DEAR PSYCHOPATH−5−-2
「チャールズは、ケイコの前世なんですよ。彼女の場合、彼の覚醒で精神が分裂して、このように二重人格になってしまったのです」
「ケイコさんは、覚醒しちゃってたんだ」
「ええ。まだ完全ではありませんが」
「ふ、ふーん。二重人格ねぇ、本当にあるんだぁ・・・って、ちょっと待てよ?
じゃお前はどうなってるんだよ。他のみんなは・・・その、普通じゃないのに。
ひょっとしてお前も彼女と同じ?」
「覚醒と言っても、人それぞれなんですよ。現世の意識よりも前世の常識の方が強かったりすれば、精神破壊を起こして、隆やカムヤのように各々の前世の意識が同じ強さだったりしたらこのように精神分裂を起こして、二重人格が出来あがります。
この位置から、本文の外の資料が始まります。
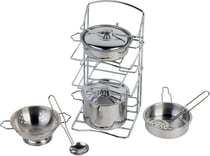 Set de cuisine 9 pièces métal - WDK GROUPE PARTNER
そして私のように現世の意識が極端に強いと、サイコパスという能力のみが覚醒してしまうこともあります。つまり、覚醒の程度もその人物の意識の強さ次第というわけです。まぁしかし、本来正常な働きをしている所へ異物が入り込んでただですむはずがありません。結局全員を待っているのは・・・死、です」
「それじゃあ」
僕は声を奮い立たせて言った。
「それじゃあきくけど、僕が覚醒して死ぬまでの間、僕はお前のように普通に生活出来るのか?それとも他のみんなみたいに、おかしくなってしまうのか」
流は一瞬眉をピクリと動かし、あごをしゃくった。だが、答えは一向に返ってこない。
「どうなるんだよ」
彼は動きをピタリと止め、のぞき込むような目付きでこっちを睨んだ。僕は永遠にも感じられる沈黙を、ひたすら固唾を呑んで耐えた。
と、彼がようやく口を割った。
「おそらく、これはあくまで私の推測でしかないのですが」
「ああ」
「あなた自身に意識は潰されるでしょう。前世の意識、ヘンリーによって」
覚悟はしていたが、実際言われてみるとかなり辛いものだ。僕は二度とない絶望感に唇をきつく噛んだ。
「そうならないためには、方法が一つしかありません」
と彼は付け加えるようにして言った。
「何!」
勢いよく顔をあげる。
「しかし、逆にそれで命を落とす可能性もある」
流とは違う声に、僕の肩がビクリとはねる。チャールズだ。
「命が惜しかったら、覚醒がうまくいくことを祈るんだな」
美人な彼は男らしく言った。
「そんな、チャールズ、彼は一番の戦力になってくれるかもしれませんよ。それに、彼を見つけたのはケイコじゃないですか。忍がサイコパスでなかったら、彼女は彼を見つけることなんて出来なかったはずです」
妙に早口で、流が割って入る。
チャールズは小指の先を耳穴に突っ込むと、ほじり、抜いて、彼に向かって吹いた。
「まぁな。サイコパスは共に引かれ合うっている特徴がなければ、このガキを発見は出来なかっただろう。それに、ここへ来たのも宿命だと俺も思う。過去と現在、前世と今のな。しかし、だからってこんな奴を認めるわけにはいかない」
一体、この会話は何だというのだ?戦力?宿命?そのうえ下手をしたら命を落としかねないって・・・どういうつもりで流は僕をここへ連れて来たんだ?
「おい忍」
親父のような口調で、チャールズが呼んだ。僕は無言で、振り向いた。
「悪いことは言わねぇ。すぐにここから立ち去れ。ここであったことは忘れてな」
「な、何を・・・」
流がそれを遮ろうとしたが、無理だった。
「覚醒がうまくいくのを信じて帰れ」
そんな彼の態度にカチンときた僕は、憤然と彼のえりもとをむしりとるように引き、
「今すぐにでもそうしたいさ。けど、ここまで話を聞かせておいて、今更全てを忘れて帰れだなんて、あまりにも勝手過ぎるんじゃないか?」
何てこと出来るはずもまく、なるべく控えめに、
「せめて話だけでも聞かせてよ。何が、僕の覚醒を止めることの出来る唯一の方法なのか?」
ときいた。
答えは、すぐには返ってこなかった。流は再びあごをしゃくりだし、チャールズは口答えされたのをむかついているのか、こっちをジッと睨みつけている。
答える気がないのなら、無理やりにでもきき出してやる。と、口を開きかけた時、それよりも早くチャールズが言った。